A continuous hanging iron wall was installed in June, 1996, at the U.S. Coast Guard (USCG) Support Center near Elizabeth City, NC, United States, to treat overlapping plumes of chromate and chlorinated solvent compounds. The wall was emplaced using a continuous trenching machine whereby native soil and aquifer sediment was removed and the iron simultaneously emplaced in one continuous excavation and fill operation. To date, there have been seven rounds (November 1996, March 1997, June 1997, September 1997, December 1997, March 1998, and June 1998) of performance monitoring of the wall. At this time, this is the only full-scale continuous `hanging' wall installed as a permeable reactive barrier to remediate both chlorinated solvent compounds and chromate in groundwater. Performance monitoring entails the following: sampling of 10–5 cm PVC compliance wells and 15 multi-level samplers for the following constituents: TCE, cis-dichloroethylene ( c-DCE), vinyl chloride, ethane, ethene, acetylene, methane, major anions, metals, Cr(VI), Fe(II), total sulfides, dissolved H 2, Eh, pH, dissolved oxygen, specific conductance, alkalinity, and turbidity.

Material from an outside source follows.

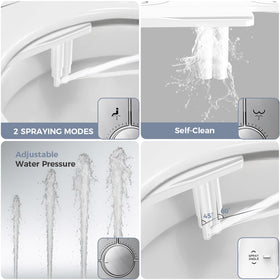 Dual nozzle design offers rear and feminine wash options for daily use.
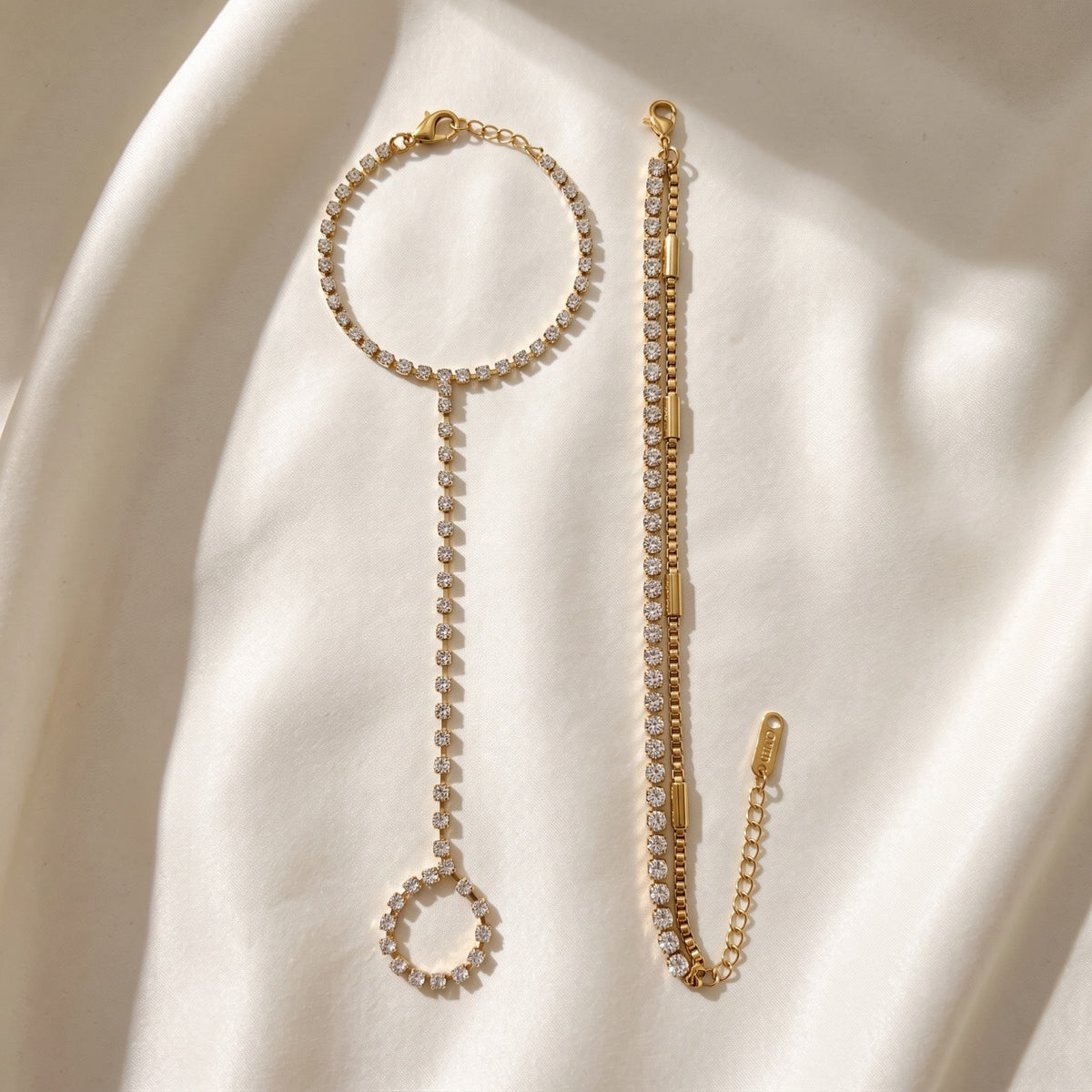 Crystal Tennis Hand Chain Bracelet Set Haya Jewelers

Electrical conductivity profiles have been conducted using a Geoprobe™ to verify emplacement of the continuous wall as designed and to locate upgradient and downgradient wall interfaces for coring purposes. Coring has been conducted in November, 1996, in June and September, 1997, and March, 1998, to evaluate the rate of corrosion on the iron surfaces, precipitate buildup (particularly at the upgradient interface), and permeability changes due to wall emplacement. In addition to several continuous vertical cores, angled cores through the 0.6-m thick wall have been collected to capture upgradient and downgradient wall interfaces along approximate horizontal flow paths for mineralogic analyses.